_Task data_
=======

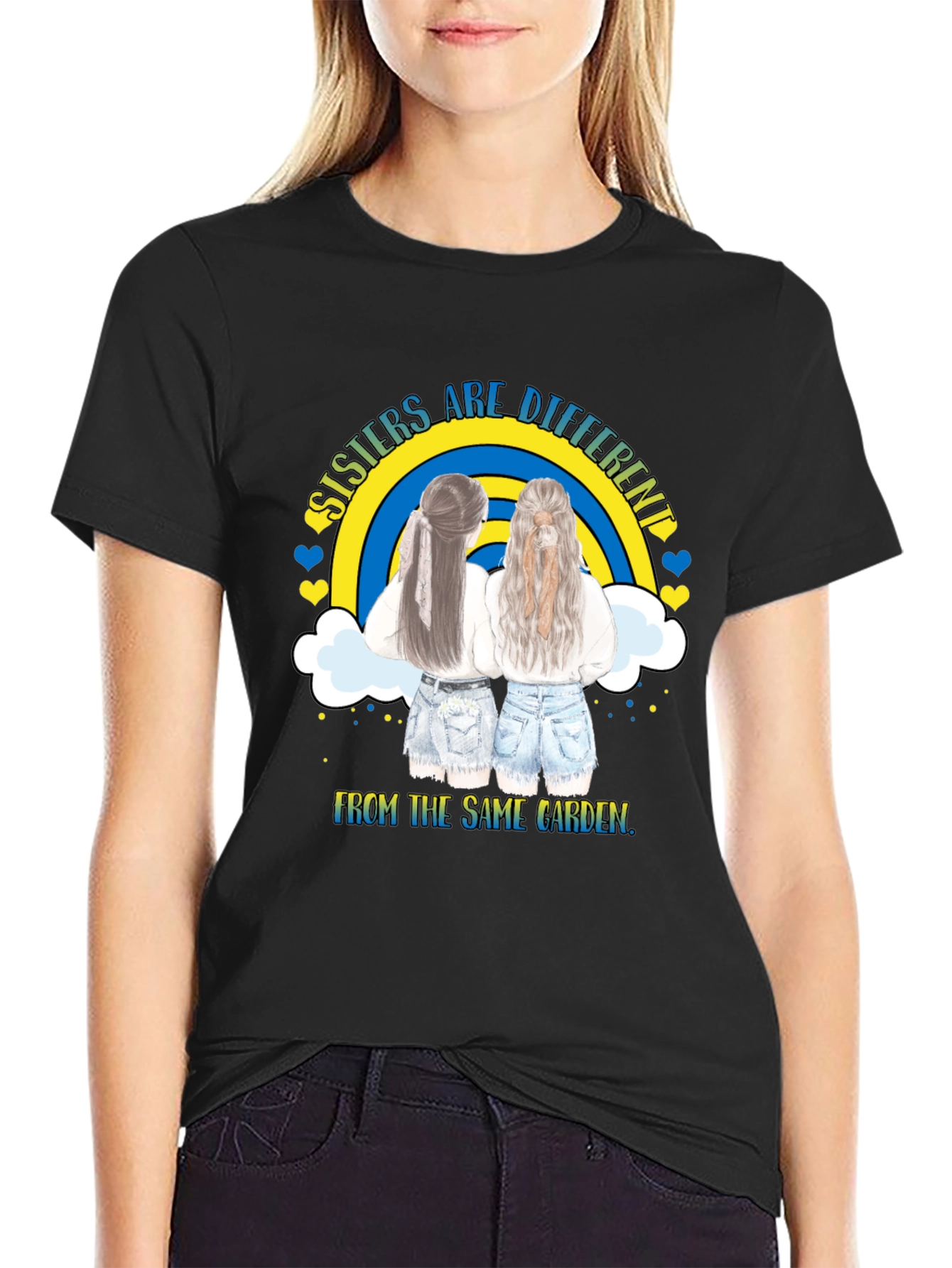 Sisters Are Different Matching Graphic T-Shirt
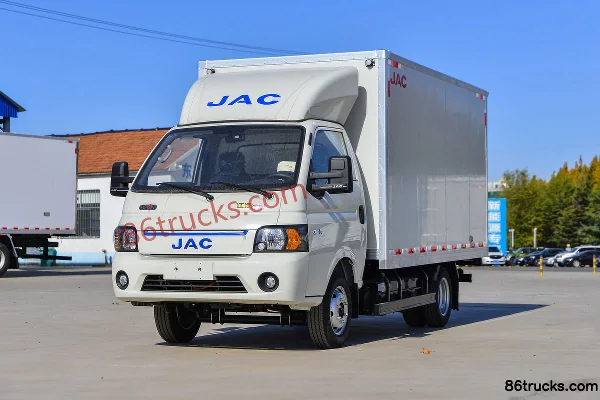 JAC Kaida X6 4.1T 3.7m Single Row Pure Electric Van Micro Truck 55.7kWh 4X2(6 wheels) Exterior (3) | 86Trucks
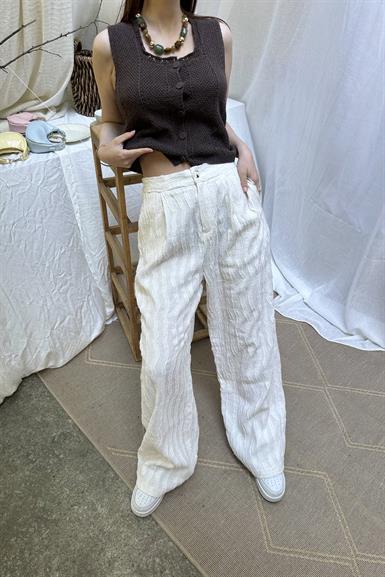 ETİKET DETAYLI PANTOLON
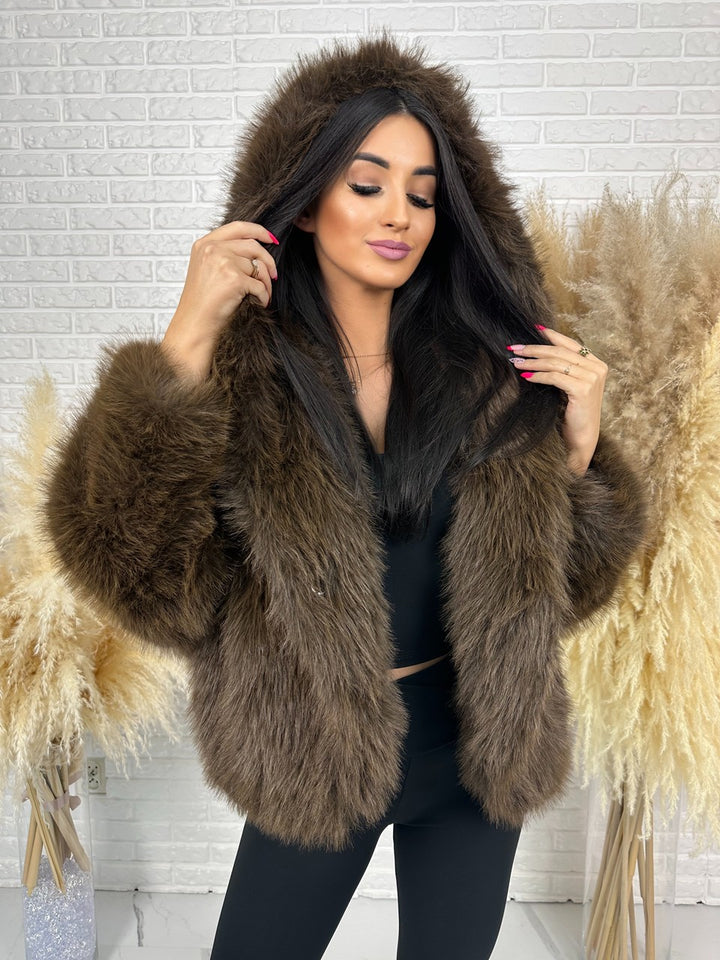 Kurtka BEAR ELEGANCE brąz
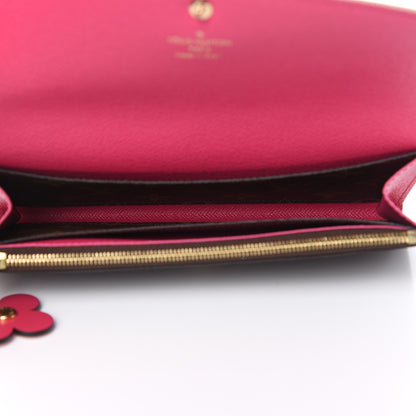 Louis Vuitton Monogram Bloom Flower Emilie Wallet 5 of 8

=======

_Exercise objective_
Leave out the pictures, and give all the records again exactly.

_Solution for this exercise_
 Sisters Are Different Matching Graphic T-Shirt
 JAC Kaida X6 4.1T 3.7m Single Row Pure Electric Van Micro Truck 55.7kWh 4X2(6 wheels) Exterior (3) | 86Trucks
 ETİKET DETAYLI PANTOLON
 Kurtka BEAR ELEGANCE brąz
 Louis Vuitton Monogram Bloom Flower Emilie Wallet 5 of 8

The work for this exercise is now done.